How to make my saddle darker?
Ok so I've had this saddle for awhile now, and I had it ordered brand new when I got it.
The one I tried out from the store was a nice havana brown color and looked like this (sorry hard to see if with ME on it but you can kind of see the color under my leg!):
Now, the one I ordered brand new ended up looking far more reddish brown than the one I tried out:
When I first got it someone suggested I use leather dye, which I tried (can't remember the name right now but it was in a white bottle that kinda looked like a mini laundry detergent bottle).
I've used it several times, but it only seemed to succeed in making the stirrup leather marks look more obvious :lol:
I've also conditioned it multiple times with Black Rock leather conditioner but hasn't really done much to the color of it. So anyone have any clue how to get it to the deep Havana brown I like so much? :wink:
Oh and someone mentioned using Neets Feet oil once which I tried and it was horrible, won't use it again. It actually just put this waxy residue on the saddle and made my once soft and pliable girth straps stiff and hard!

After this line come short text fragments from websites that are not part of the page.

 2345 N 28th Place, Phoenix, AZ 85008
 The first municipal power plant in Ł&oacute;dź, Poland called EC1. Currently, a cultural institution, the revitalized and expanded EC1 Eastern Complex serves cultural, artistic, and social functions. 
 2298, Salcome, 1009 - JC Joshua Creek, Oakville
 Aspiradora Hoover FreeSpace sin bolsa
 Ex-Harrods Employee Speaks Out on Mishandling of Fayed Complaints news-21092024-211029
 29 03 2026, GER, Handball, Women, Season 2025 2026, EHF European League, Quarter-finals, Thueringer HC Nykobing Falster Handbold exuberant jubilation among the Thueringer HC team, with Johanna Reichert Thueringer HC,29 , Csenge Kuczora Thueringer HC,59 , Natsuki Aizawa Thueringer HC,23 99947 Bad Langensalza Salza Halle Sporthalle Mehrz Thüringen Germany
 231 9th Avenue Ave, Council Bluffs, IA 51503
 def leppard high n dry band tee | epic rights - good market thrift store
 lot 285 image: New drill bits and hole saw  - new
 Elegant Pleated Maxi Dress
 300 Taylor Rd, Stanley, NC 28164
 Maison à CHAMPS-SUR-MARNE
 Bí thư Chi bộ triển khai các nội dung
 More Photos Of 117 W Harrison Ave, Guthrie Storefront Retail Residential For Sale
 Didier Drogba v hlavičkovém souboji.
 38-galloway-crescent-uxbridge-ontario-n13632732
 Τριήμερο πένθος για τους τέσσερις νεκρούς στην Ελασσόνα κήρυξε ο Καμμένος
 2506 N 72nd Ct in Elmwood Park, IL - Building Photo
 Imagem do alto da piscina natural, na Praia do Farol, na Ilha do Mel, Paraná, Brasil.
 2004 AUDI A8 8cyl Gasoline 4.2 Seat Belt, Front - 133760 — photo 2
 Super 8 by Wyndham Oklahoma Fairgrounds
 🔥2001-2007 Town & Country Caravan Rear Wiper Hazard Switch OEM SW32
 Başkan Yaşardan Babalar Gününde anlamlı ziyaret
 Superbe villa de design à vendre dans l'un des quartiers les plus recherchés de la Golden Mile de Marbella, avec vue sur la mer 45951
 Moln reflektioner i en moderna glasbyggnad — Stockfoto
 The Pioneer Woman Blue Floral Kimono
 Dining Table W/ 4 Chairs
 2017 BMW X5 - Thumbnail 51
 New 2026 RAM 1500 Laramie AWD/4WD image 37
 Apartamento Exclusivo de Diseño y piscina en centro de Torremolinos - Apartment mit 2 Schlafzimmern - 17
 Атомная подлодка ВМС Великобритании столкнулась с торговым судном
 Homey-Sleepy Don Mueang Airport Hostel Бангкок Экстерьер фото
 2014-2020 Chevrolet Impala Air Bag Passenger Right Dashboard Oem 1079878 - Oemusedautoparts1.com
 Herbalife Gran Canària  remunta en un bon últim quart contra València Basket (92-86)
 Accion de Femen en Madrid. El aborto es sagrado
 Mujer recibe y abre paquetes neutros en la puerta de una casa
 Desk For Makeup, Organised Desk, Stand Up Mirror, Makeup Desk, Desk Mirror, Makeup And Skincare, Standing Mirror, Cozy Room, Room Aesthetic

Black Rock is touted as a conditioner to use NOT to darken leather so that was not going to help.
Unless you prepared the saddle for the dye, it didn't do much good either. What I've used to color bridles and other leather products is made by Kelly and I got it at a shoe repair store.
You can also try Hydrophane darkening oil but that takes time. I'm afraid that you will most likely never get it to the point that you are expecting it to be without dying it.
I've never heard of Neatsfoot oil making leather hard, but warmed up Neatsfoot will help.
Don't know what type of leather your saddle is made from, but Neatsfoot shouldn't have made it hard. I used it on my Stubben, and that saddle is back to almost new condition.
However, if you have a synthetic saddle Neatsfoot WILL ruin it because you're never supposed to use any oils on a synthetic.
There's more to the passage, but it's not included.